- **About this exercise**: Exactly as written, set down the lines from the top of the entries through the line bearing "Ni el fresquito", with every picture left out.

*** Opening of Entries shown ***

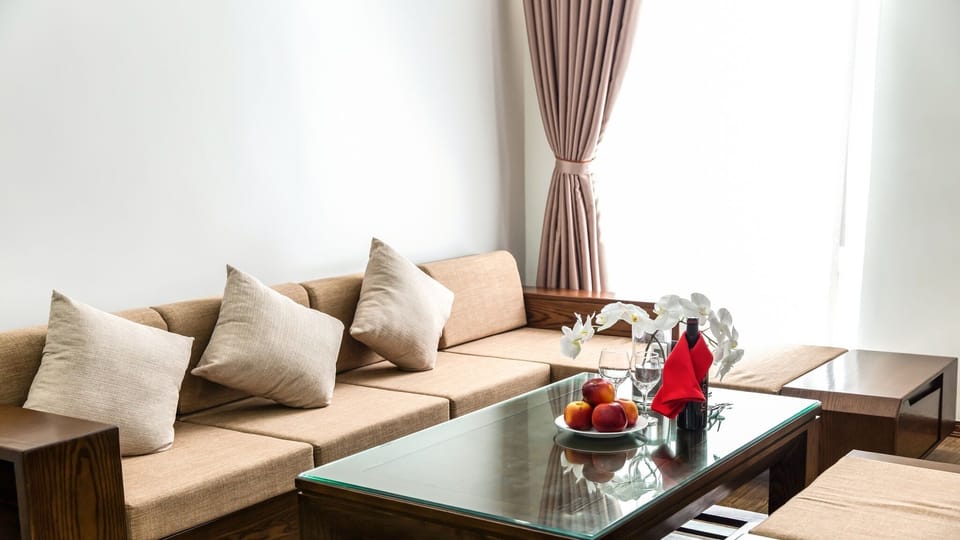 Family Suite | Living area | TV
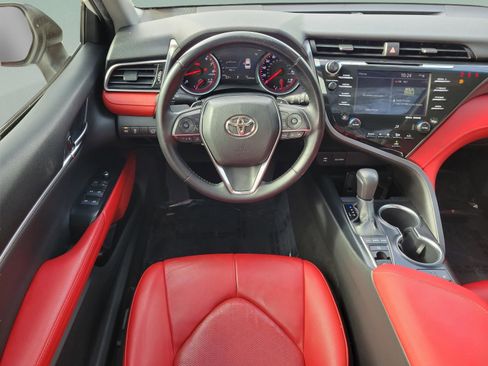 Used 2019 Toyota Camry XSE image 9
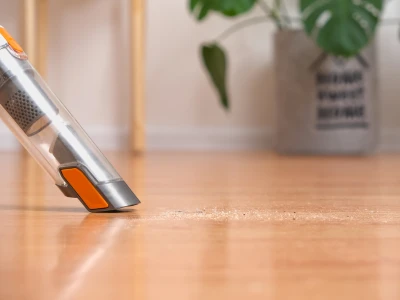 aspirador pequeño de mano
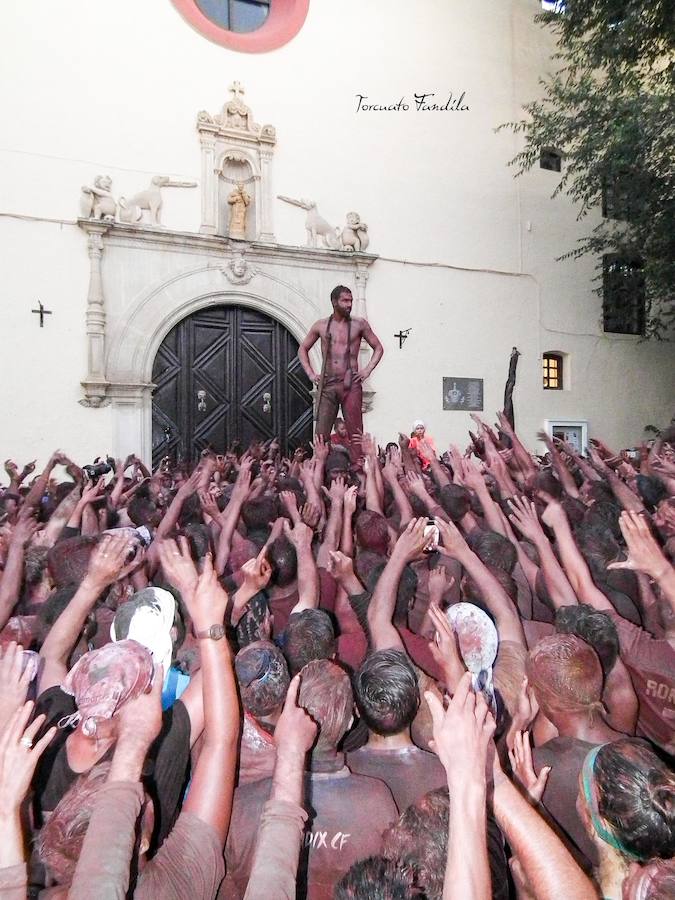 Ni el fresquito más que otoñal de la tarde ni la amenaza de lluvia (que incluso se ha hecho presente en algunos tramos de la carrera) ha podido este domingo con las ganas de Cascamorras que tenía Guadix. La ciudad y los muchos visitantes que cada año se animan a disfrutar de la fiesta (cada año más, algunos de lugares tan lejanos como Australia) se han volcado con José Heras, el joven accitano encargado de encarnar este año la figura del Cascamorras.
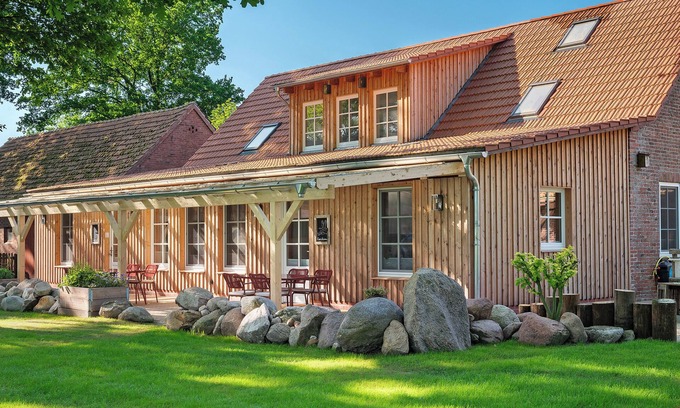 Strohen Apartment | Holiday Apartment "Eichengeflüster Kranichzimmer" with Covered Terrace in Ströhen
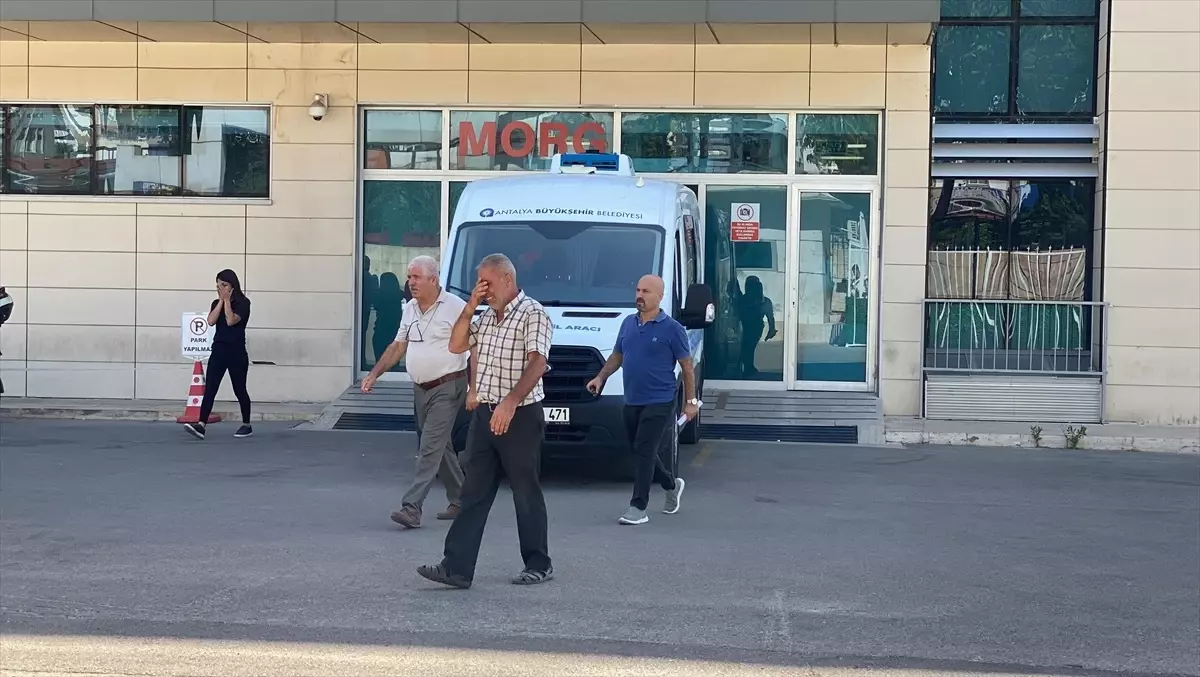 Antalya\'da iki otomobilin çarpıştığı kazada 1 kişi öldü, 1 kişi yaralandı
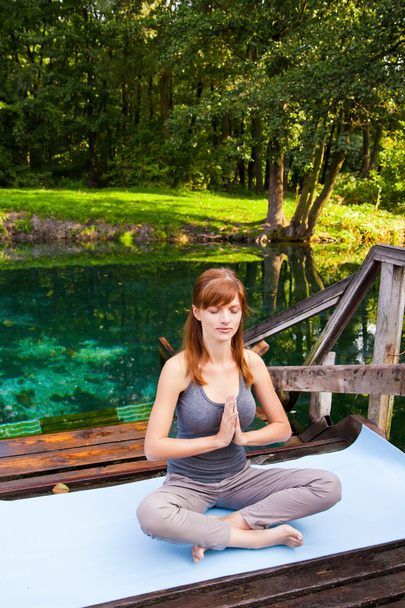 Giovane ragazza che fa yoga loto posa nel parco
 - Foto, immagini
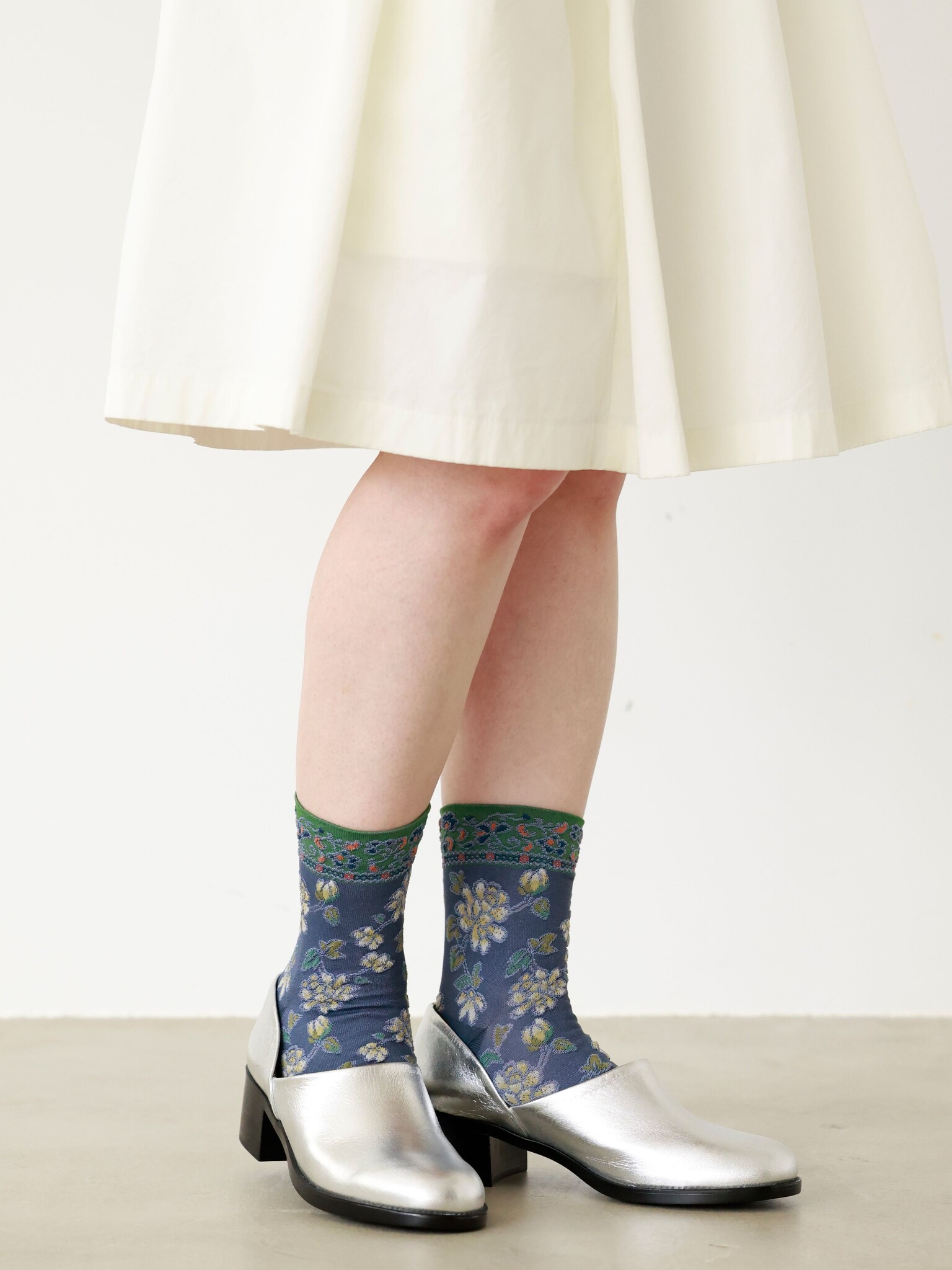 Calzini alla caviglia con ricamo floreale orientale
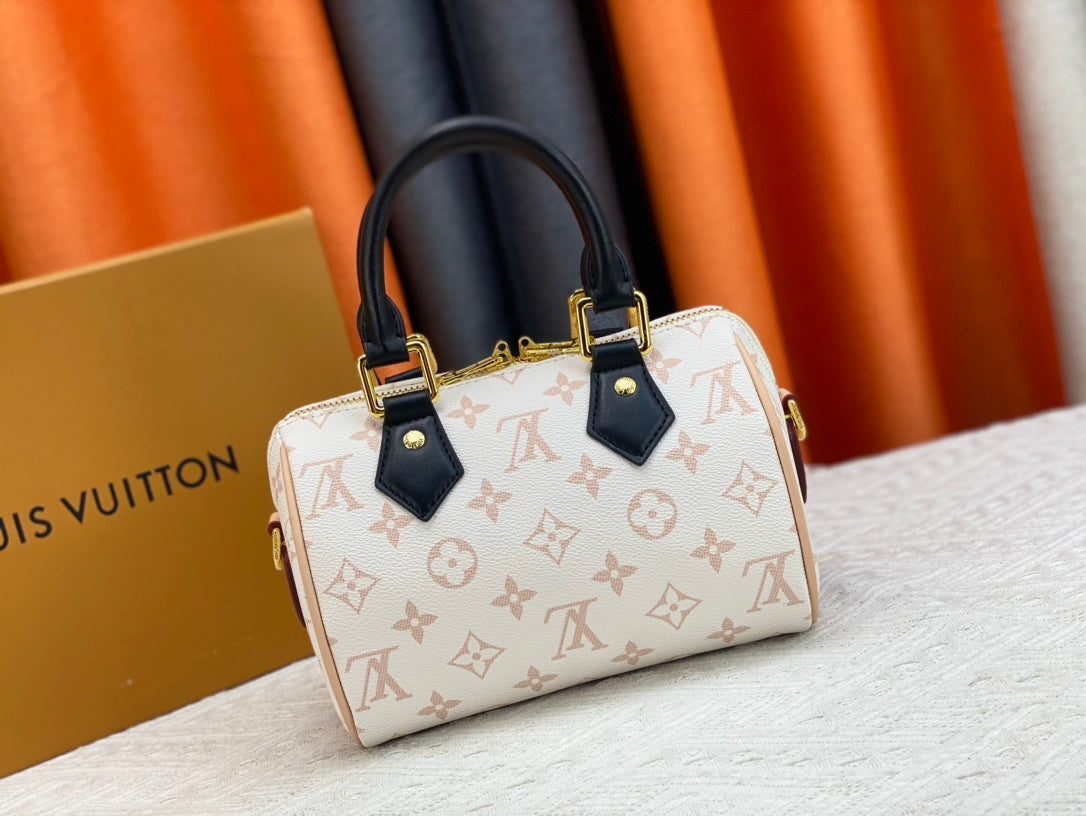 Elite Carryalls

*** Close of Entries shown ***

- **Reply to the task**:
 Family Suite | Living area | TV
 Used 2019 Toyota Camry XSE image 9
 aspirador pequeño de mano
 Ni el fresquito más que otoñal de la tarde ni la amenaza de lluvia (que incluso se ha hecho presente en algunos tramos de la carrera) ha podido este domingo con las ganas de Cascamorras que tenía Guadix. La ciudad y los muchos visitantes que cada año se animan a disfrutar de la fiesta (cada año más, algunos de lugares tan lejanos como Australia) se han volcado con José Heras, el joven accitano encargado de encarnar este año la figura del Cascamorras.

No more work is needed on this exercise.